Ondertussen zijn we 11 uur onderweg, bizar hoe we dit hebben gedaan en ook hoe Taka het doet. Na een korte pauze ploeteren we verder aan de waterkant, waar de bodem afgewisseld wordt tussen moeras en stenen. We vinden een plek waarvan wij denken dat hij daar met de boot kan komen, al wordt het echt wel een uitdaging omdat het ondiep is en er keien liggen. En dan gaan we zitten, wachten tot we ergens op het meer een boot zien aankomen. Het meer is in de verte gehuld in een dikke laag mist. We hadden gehoopt op een warme maaltijd in de hut maar het is inmiddels zo laat dat we hier aan de waterkant maar besluiten ons eten te maken. We weten toch niet hoe lang het duurt voordat hij komt en we worden humeurig van de honger. Maar nog voordat ons water kookt zien we een bootje aankomen. Allebei springen we op, worden we gedreven door een enorme adrenalinekick, we moeten zwaaien! Zwaaien! Hij moet ons zien! Hij ziet ons niet! Shit!

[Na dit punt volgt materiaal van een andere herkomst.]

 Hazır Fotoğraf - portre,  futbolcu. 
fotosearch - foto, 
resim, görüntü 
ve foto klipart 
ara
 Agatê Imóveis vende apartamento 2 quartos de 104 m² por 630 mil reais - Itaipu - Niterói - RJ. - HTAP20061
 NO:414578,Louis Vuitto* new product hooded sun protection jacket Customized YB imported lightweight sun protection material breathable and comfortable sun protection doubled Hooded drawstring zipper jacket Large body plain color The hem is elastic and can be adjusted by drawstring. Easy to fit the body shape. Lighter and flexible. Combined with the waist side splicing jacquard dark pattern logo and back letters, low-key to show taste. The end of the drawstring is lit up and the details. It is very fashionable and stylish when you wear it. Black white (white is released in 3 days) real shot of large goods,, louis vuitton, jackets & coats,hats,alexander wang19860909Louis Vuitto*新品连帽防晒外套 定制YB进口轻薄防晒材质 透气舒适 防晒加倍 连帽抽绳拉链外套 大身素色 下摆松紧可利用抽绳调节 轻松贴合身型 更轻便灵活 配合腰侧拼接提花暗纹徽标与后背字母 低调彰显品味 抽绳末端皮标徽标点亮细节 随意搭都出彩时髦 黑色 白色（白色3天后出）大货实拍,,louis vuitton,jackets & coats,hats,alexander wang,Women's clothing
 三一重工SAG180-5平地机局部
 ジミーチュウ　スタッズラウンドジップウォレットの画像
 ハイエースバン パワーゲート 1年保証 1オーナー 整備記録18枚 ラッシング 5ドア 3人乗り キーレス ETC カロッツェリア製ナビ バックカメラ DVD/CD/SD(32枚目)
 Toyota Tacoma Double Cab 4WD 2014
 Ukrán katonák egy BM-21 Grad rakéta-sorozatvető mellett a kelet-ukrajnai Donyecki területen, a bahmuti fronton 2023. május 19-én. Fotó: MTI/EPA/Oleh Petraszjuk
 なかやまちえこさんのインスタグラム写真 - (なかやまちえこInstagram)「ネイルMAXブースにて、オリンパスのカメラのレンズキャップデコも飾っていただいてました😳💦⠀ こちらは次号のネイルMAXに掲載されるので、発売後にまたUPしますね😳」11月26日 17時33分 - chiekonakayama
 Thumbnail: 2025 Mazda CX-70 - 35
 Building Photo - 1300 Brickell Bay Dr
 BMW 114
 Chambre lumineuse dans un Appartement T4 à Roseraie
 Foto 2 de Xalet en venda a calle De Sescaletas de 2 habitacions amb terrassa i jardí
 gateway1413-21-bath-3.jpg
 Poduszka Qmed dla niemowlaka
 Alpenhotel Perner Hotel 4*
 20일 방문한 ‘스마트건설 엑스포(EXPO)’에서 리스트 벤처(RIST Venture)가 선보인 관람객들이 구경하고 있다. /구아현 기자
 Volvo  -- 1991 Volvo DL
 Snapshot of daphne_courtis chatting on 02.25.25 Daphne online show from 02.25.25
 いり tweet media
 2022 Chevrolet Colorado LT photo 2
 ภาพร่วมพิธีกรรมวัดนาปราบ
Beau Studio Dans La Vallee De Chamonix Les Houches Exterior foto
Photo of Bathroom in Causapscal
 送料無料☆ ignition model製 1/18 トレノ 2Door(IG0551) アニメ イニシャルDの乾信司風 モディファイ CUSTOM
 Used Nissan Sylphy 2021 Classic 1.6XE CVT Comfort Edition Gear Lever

Marjolein pakt haar feloranje regencape en zwaait ermee in de lucht. Taka snapt niet waar de heisa allemaal over gaat. Ik probeer zo snel mogelijk alle troep weer in te pakken als Geirmund ons heeft gezien. Het is een speedboot met een enorme hoeveelheid pk. Oh jee, dat wordt spannend met Taka! Geirmund wijst naar een plek waar we naar de kant moeten, wederom door de dichte struiken en moerasbodem soppen we naar de kant van het water. Allebei een big smile op ons gezicht, het voelt als een grote redding, de redding waar we zo lang op hebben gewacht. Beide helemaal hysterisch van de euforie. Geirmund stapt van de boot af en houdt de boot stevig vast. Eerst Marjolein erop en de rugzakken, daarna Taka. Hij begint met zijn voorpootjes op de boeg, dapper incasseert hij wat de bedoeling is. Maar de boot beweegt door de golven en de wind en dat is toch net iets teveel van het goeie. Hij vind het doodeng en zonder dwang gaat het em niet worden. Als een kat in het nauw gedreven probeert hij me zelfs te bijten, de arme schat, ik heb zo met hem te doen. Ik voel dat hij wordt herinnerd aan het moment dat hij in Roemenië bruut gevangen werd maar nu door degene die hij het meest vertrouwd. Dan til ik hem met tuig en al de lucht in op de boot, om het hele gebeuren vooral niet te lang te laten duren, en springt hij erin. Zelfs spring ik erachter aan en duiken we in de kleine ruimte. We nemen plaats op de comfortabele stoelen, Taka gaat op de grond liggen. Geirmund kijkt zorgvuldig hoe de boot in zijn achteruit kan en als hij de motor daarvoor gebruikt komen we toch tegen een kei aan, oops. Verwachtingsvol kijken we naar hem, het water en waar de boot heen gaat maar gelukkig blijft het bij die ene kei. Daarna gaan we plank gas richting de hut. Geirmund staat buiten en wij gieren het uit; “You are our saving angel!!!!!!!”. Want zo voelt hij, als onze reddende engel. Ik vraag Geirmund waarom de bruggen er niet hangen. “Tja, die worden morgen geplaatst.” Dat hebben wij weer… Ondanks dat, hadden we beiden dit avontuur niet willen missen.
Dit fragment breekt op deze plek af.